### ENTRIES PROVIDED
########

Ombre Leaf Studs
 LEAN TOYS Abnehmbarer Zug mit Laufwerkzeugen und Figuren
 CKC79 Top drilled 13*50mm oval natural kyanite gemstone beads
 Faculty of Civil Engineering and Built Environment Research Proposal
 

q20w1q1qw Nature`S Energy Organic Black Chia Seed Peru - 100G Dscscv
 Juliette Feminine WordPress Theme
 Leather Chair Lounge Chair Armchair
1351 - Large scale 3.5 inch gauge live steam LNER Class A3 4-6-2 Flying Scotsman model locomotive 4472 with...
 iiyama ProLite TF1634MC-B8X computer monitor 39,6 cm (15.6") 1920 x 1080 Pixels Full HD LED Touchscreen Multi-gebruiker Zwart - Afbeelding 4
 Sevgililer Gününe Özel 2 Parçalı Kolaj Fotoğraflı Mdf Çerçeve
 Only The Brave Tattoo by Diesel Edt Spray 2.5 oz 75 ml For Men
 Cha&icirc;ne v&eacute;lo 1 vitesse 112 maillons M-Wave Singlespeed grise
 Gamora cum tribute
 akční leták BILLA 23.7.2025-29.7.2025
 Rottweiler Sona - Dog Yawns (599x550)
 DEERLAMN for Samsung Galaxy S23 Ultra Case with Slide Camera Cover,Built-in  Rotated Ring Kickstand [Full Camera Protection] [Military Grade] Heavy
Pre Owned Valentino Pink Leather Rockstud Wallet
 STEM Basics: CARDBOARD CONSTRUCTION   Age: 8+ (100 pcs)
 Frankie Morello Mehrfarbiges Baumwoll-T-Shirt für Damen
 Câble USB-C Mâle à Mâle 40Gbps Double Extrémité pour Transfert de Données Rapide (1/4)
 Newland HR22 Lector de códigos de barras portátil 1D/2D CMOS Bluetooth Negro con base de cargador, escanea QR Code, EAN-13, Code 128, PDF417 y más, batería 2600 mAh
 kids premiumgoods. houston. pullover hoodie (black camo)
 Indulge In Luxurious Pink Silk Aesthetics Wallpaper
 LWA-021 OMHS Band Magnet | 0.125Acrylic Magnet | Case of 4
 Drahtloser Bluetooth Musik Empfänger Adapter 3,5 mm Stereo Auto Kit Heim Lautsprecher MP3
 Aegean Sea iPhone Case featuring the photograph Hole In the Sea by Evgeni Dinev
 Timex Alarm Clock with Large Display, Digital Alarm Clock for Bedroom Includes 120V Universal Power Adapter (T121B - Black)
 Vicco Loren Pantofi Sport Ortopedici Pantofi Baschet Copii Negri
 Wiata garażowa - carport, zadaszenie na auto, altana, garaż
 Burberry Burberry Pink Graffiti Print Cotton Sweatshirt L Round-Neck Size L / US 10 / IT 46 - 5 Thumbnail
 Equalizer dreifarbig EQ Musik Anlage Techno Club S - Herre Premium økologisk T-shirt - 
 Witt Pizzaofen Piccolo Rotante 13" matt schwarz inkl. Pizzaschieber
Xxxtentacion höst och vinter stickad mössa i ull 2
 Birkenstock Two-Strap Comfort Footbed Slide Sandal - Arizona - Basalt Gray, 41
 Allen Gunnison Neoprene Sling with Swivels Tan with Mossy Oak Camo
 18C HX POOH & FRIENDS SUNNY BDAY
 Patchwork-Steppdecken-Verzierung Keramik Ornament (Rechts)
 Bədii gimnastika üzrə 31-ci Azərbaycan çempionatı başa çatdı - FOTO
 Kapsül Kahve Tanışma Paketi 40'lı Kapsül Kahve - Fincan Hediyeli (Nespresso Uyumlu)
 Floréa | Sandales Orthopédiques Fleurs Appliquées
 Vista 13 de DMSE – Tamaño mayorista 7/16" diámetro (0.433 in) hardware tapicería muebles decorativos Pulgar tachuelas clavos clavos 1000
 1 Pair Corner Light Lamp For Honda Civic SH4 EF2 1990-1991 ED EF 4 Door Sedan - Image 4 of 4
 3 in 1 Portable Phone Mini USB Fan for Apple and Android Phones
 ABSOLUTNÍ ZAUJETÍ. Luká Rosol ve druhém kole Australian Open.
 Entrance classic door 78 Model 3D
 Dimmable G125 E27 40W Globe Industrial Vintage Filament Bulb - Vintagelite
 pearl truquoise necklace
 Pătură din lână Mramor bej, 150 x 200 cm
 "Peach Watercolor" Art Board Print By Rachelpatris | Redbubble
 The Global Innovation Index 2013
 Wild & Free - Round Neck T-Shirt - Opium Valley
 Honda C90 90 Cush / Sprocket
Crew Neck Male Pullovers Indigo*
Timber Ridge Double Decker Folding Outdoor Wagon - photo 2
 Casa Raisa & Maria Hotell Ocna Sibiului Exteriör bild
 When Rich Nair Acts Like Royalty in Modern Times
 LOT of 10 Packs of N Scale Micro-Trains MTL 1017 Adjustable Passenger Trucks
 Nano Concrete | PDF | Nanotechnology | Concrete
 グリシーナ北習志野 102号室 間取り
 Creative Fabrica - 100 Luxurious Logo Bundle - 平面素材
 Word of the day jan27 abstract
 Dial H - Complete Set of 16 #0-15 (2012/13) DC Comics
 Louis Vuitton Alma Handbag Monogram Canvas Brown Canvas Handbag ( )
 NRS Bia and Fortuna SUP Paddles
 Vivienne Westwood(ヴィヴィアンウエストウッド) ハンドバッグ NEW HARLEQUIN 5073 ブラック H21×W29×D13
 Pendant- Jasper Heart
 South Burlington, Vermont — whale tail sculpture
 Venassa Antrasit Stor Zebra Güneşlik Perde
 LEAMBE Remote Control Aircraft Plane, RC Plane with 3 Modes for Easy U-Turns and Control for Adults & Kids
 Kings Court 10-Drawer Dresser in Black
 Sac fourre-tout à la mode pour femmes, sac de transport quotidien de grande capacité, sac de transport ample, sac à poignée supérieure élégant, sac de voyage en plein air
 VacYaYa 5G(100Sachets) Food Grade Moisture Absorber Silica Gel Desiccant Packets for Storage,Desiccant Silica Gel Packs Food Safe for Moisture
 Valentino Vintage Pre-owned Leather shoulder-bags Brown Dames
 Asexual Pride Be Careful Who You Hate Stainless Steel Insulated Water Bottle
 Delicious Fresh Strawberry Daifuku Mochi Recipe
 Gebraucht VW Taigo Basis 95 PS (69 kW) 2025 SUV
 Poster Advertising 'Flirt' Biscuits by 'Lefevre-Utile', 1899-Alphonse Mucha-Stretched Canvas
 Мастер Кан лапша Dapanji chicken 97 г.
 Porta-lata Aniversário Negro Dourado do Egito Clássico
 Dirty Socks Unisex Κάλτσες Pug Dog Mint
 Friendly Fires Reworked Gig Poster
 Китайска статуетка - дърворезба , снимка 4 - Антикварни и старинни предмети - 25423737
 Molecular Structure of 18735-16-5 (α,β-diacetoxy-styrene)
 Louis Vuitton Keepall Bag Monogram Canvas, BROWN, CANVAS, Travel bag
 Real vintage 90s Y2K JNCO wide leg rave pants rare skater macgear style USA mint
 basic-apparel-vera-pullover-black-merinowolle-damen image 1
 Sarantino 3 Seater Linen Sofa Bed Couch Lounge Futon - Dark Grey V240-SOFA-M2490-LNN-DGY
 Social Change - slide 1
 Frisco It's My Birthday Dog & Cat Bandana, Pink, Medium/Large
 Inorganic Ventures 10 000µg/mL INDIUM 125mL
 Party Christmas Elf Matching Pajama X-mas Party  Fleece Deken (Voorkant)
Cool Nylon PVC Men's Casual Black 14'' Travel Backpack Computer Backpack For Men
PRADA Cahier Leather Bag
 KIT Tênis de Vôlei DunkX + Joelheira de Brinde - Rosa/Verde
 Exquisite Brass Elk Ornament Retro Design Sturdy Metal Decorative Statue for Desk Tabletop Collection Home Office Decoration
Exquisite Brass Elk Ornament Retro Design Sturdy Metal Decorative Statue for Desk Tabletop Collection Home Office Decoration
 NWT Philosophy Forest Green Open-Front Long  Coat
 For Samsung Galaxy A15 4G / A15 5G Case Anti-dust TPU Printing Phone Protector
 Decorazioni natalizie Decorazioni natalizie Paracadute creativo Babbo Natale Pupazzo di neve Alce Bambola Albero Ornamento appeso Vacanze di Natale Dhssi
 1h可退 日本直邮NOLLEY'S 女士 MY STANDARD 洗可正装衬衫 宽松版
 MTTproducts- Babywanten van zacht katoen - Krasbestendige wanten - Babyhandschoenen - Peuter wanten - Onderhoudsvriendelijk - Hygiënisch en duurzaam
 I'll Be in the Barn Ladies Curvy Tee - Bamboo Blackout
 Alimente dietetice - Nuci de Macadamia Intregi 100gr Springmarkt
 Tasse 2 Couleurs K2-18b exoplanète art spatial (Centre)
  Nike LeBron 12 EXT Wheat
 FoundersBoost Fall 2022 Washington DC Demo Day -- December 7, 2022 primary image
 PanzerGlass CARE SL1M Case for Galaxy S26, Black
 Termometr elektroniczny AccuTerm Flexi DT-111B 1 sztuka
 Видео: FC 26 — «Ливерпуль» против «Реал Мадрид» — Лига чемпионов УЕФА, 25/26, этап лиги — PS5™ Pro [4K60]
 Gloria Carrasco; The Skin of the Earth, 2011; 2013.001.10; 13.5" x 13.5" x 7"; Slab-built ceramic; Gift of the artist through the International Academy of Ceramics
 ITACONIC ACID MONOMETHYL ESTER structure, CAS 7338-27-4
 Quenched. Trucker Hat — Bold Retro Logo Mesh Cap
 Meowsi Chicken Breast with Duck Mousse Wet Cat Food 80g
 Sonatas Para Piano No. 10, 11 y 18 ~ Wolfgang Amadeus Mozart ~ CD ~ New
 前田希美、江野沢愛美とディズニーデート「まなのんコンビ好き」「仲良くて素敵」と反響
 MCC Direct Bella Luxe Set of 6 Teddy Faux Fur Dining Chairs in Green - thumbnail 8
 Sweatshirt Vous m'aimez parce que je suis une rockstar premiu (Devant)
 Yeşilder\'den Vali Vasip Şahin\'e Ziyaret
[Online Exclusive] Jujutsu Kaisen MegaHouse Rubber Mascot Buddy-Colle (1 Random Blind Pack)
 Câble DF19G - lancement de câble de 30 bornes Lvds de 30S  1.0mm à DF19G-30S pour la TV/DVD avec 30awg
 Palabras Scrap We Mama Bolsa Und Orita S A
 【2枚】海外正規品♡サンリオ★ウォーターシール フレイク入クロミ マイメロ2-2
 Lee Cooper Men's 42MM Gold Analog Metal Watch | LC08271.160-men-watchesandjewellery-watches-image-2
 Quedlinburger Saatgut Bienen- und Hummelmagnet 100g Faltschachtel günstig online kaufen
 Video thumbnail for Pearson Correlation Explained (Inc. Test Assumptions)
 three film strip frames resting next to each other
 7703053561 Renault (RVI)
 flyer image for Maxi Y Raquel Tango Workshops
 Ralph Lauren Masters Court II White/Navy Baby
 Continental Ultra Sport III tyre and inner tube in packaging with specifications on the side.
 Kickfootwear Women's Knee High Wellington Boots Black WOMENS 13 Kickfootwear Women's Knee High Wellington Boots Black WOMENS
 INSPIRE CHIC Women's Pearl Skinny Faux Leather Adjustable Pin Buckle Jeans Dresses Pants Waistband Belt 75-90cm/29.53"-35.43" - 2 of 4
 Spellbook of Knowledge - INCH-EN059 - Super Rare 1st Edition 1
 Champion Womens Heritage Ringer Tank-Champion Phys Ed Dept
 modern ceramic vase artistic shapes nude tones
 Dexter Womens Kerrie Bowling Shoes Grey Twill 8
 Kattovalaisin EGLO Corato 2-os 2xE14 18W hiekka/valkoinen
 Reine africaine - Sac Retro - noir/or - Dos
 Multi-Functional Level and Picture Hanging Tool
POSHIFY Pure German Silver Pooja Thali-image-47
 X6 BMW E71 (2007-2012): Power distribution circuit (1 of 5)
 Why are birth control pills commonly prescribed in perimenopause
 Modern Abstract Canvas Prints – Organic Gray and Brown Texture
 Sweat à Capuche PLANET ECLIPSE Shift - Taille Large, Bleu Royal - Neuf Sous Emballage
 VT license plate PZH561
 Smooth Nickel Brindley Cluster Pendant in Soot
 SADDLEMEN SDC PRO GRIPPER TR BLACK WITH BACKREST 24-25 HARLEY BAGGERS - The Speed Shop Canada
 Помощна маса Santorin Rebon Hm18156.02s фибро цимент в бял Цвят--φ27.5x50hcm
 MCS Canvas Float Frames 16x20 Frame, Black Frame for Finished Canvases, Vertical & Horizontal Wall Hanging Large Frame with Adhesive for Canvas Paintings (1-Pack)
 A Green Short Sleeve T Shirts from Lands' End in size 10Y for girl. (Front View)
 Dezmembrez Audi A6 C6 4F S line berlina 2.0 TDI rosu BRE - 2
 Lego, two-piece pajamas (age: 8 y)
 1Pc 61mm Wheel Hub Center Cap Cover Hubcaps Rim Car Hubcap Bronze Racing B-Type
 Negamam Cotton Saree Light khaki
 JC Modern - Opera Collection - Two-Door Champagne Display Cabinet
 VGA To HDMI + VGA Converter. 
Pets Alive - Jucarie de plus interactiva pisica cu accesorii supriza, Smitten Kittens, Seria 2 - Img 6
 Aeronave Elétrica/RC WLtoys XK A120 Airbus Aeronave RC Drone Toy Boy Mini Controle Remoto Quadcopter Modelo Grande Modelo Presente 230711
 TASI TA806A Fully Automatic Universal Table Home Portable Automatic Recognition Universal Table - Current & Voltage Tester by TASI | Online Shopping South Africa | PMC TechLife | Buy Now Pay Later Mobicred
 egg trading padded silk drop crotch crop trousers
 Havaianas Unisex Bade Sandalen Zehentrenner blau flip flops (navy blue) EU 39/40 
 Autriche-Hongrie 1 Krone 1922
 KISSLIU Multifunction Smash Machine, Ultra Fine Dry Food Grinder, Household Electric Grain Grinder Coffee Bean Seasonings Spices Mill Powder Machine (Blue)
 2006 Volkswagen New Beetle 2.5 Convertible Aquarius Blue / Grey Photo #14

########

### WHAT YOU NEED TO DO
Set down only the lines above that fall between the line holding "Valentino Vintage Pre-owned" and the line holding "Cool Nylon PVC", inclusive, keeping each exact.

### EXERCISE ANSWER
 Valentino Vintage Pre-owned Leather shoulder-bags Brown Dames
 Asexual Pride Be Careful Who You Hate Stainless Steel Insulated Water Bottle
 Delicious Fresh Strawberry Daifuku Mochi Recipe
 Gebraucht VW Taigo Basis 95 PS (69 kW) 2025 SUV
 Poster Advertising 'Flirt' Biscuits by 'Lefevre-Utile', 1899-Alphonse Mucha-Stretched Canvas
 Мастер Кан лапша Dapanji chicken 97 г.
 Porta-lata Aniversário Negro Dourado do Egito Clássico
 Dirty Socks Unisex Κάλτσες Pug Dog Mint
 Friendly Fires Reworked Gig Poster
 Китайска статуетка - дърворезба , снимка 4 - Антикварни и старинни предмети - 25423737
 Molecular Structure of 18735-16-5 (α,β-diacetoxy-styrene)
 Louis Vuitton Keepall Bag Monogram Canvas, BROWN, CANVAS, Travel bag
 Real vintage 90s Y2K JNCO wide leg rave pants rare skater macgear style USA mint
 basic-apparel-vera-pullover-black-merinowolle-damen image 1
 Sarantino 3 Seater Linen Sofa Bed Couch Lounge Futon - Dark Grey V240-SOFA-M2490-LNN-DGY
 Social Change - slide 1
 Frisco It's My Birthday Dog & Cat Bandana, Pink, Medium/Large
 Inorganic Ventures 10 000µg/mL INDIUM 125mL
 Party Christmas Elf Matching Pajama X-mas Party  Fleece Deken (Voorkant)
Cool Nylon PVC Men's Casual Black 14'' Travel Backpack Computer Backpack For Men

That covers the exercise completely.